Category Ask the Psychologist

I refuse to take “no” for an answer

I am in love with a girl who is in her mid-teens. For years i have been following her and have twice declared my love for her. But she says she does not love me, nor does she even want to be my friend. I refuse to take “no” for an answer and insist that she will eventually say “yes”. I cannot concentrate on my studies and my results have started deteriorating. I love her and cannot live without her.

You feel very intensely about this girl to the extent that you seem to be obsessed with her and are losing control over yourself. I do empathize with the tormented feelings that you have.

I am not sure what you mean by ‘following her’, but if it involves tracking her in person or on social media, it amounts to stalking and it is a punishable offence.

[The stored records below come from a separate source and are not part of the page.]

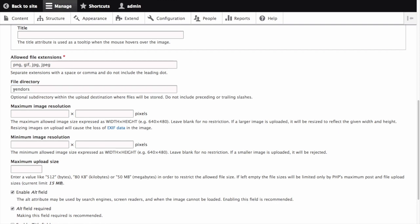For example, sites slash default slash files. We'll skip maximum image resolution, but specify a minimum image resolution of 600 by 600. Let's also specify a maximum upload size of 5 megabytes.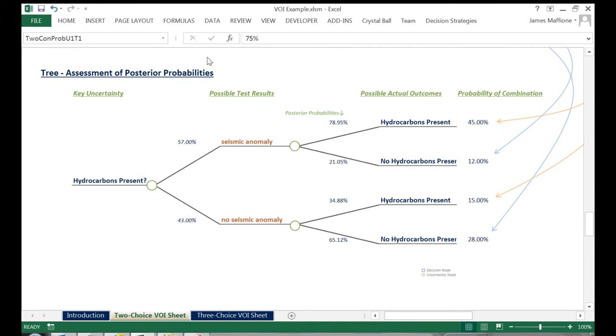Here roughly 79 to 21 in favor of hydrocarbons if we see an anomaly, and 35 to 65 in favor of no hydrocarbons if we do not see an anomaly.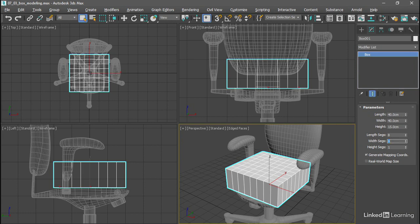And it's important in this case to use an even number for the width segments, because we're going to model using the symmetry modifier, and we're just going to model half of our seat cushion and reflect the mesh to the other side.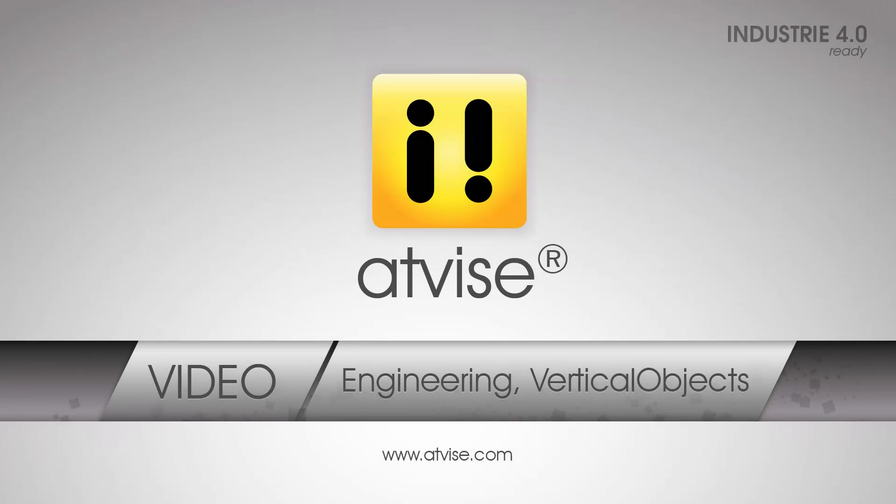Welcome to this Advice video tutorial. In this video you will learn how to apply object-oriented engineering in Advice. You will create an object type and visualize three instances of it.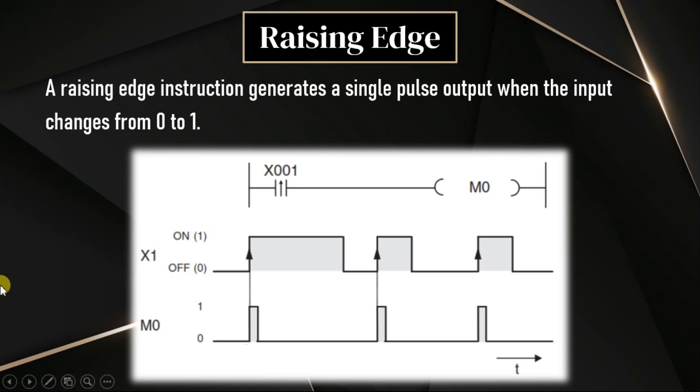In this video, we are going to discuss rising edge and falling edge instructions. These rising edge and falling edge instructions are input contact type instructions which will work when there is a change in input from off to on or on to off, nothing but 0 to 1 or 1 to 0.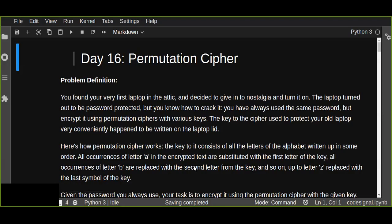Hello guys, welcome. This is 100 days of coding challenge tutorial. Today is day 16. In this tutorial we are going to solve permutation cipher. This problem is found on Code Signal website. You can check it out and solve this problem on your own.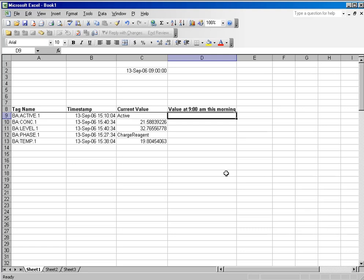For the archive value function, I use the same tag names I used in my current value example, and I've added a heading, value at 9 a.m. this morning,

Your words ‘refuse’ to take ‘no’ and ‘insist’ that she will say ‘yes’ shows that you want her to respond to you in the way that you want. This girl, like you, is an individual with her own thoughts, feelings, wishes and desires. You cannot force her to feel what she does not, or get her to reciprocate simple because your pride is hurt because she has said ‘No’. a ‘No’ does not mean ‘Yes’ in the long run. A ‘No’ means ‘No’. She is not interested. You don’t seem to really respect her wishes, and that in itself shows that it is not love. If you do have even the smallest feeling for this girl, you will respect this boundary and wish her happiness.

A relationship is a loving, mutual bond between two people. True love is about respecting another, about wanting the other person’s happiness above your own, about being selfless and not expecting anything in return. Tough, but true.

So, if you want a great relationship with a lady, make yourself attractive by being mature, selfless, giving and king. You will learn then attract someone who resonates with you.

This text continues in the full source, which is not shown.